═══ Data excerpt
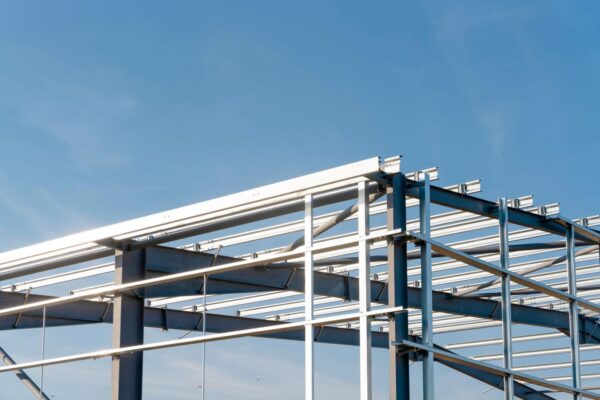 image of steel building structure in a blue sky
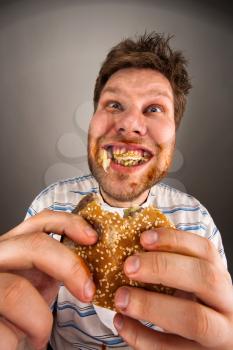 Portrait of expressive fat man chewing hamburger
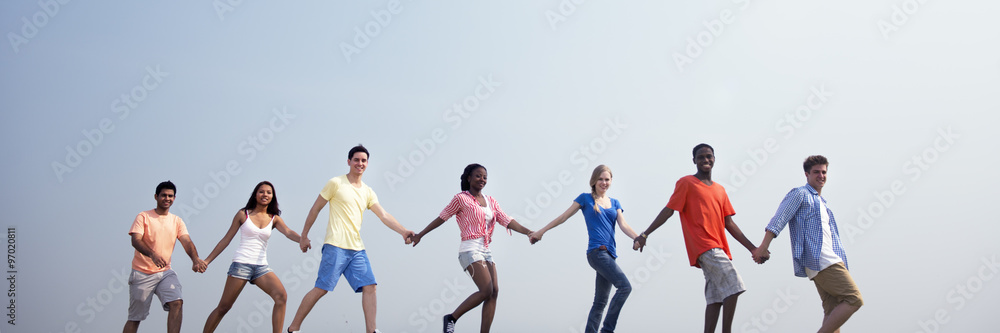 Group Casual People Walking Together Outdoors Concept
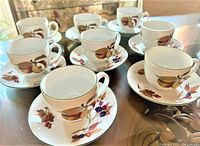 Set of 8 cups and saucers on a glass table, showing variety of fruit decoration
══════
● About this task: Pictures are to be left out, and each line from the one that contains "Group Casual People" through the end of the listing is to be copied exactly.

● Output for this exercise:
 Group Casual People Walking Together Outdoors Concept
 Set of 8 cups and saucers on a glass table, showing variety of fruit decoration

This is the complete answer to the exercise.